El Retorno del Jedi. Fernando González

No se puede negar a nadie la oportunidad de volver a la política activa y acomodarse de nuevo en los butacones de la Moncloa. No parece oportuno, sin embargo, presentarse en público como el salvador mesiánico capaz de resolverlo todo con su sola presencia, un pronunciamiento soberbio que no suele funcionar nunca. De nada valen los planteamientos corajudos contra la realidad tozuda de una coyuntura adversa, por muy románticas y arrojadas que tales ofertas pueden parecerle al respetable. Sería un insensato aquel que se imaginara a sí mismo como la última de las soluciones a los males que nos arruinan, aunque nuestro hombre estime que las cosas le fueron muy bien en el pasado y recibiera por ello el aplauso de los suyos. Los paisajes cambian y nunca discurre por un río el mismo caudal que ya pasó por la orilla un instante antes. Mariano Rajoy, sin ir más lejos, viajero en otros cruceros gubernamentales más apacibles, acompañado de los españoles que votaron un espejismo inalcanzable, ha comprobado tal realidad incuestionable en pocos meses de ejercicio presidencial.

Algunos dirigentes místicos, motivados por una fuerza interior que les aprieta el orgullo, se  sienten obligados a responsabilizarse de sus compatriotas sin que nadie se lo haya pedido.
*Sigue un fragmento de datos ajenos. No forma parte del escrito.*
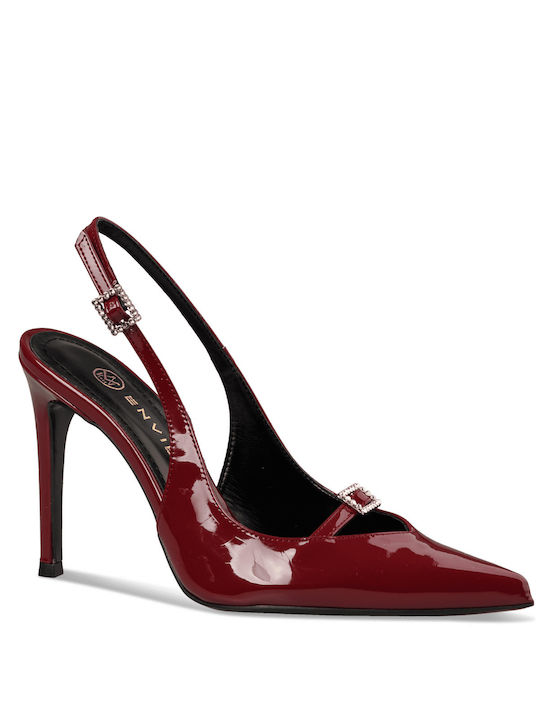 Envie Shoes Stiletto Red High Heels Pumps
Se sienten inalterados por el tiempo y vencedores indemnes de batallas olvidadas, guardianes de las fórmulas magistrales que un día sanaron y tutores sempiternos de sus herederos; características que les parecen suficientes para descender de su Olimpo y reaparecer cuando les viene en gana, siempre con las tablas de la Ley en las manos. La presencia de alguno de estos personajes, reencarnados como el Comendador justiciero de Don Juan Tenorio, provoca escalofríos a sus colegas más timoratos y cierta perplejidad compartida en los que abanderan hoy un proyecto partidista. Últimamente, al calor de cierta histeria colectiva, se suceden las apariciones y se multiplican las arengas a una población despegada de sus políticos. José María Aznar, sin duda alguna, es el más prolífico de todos.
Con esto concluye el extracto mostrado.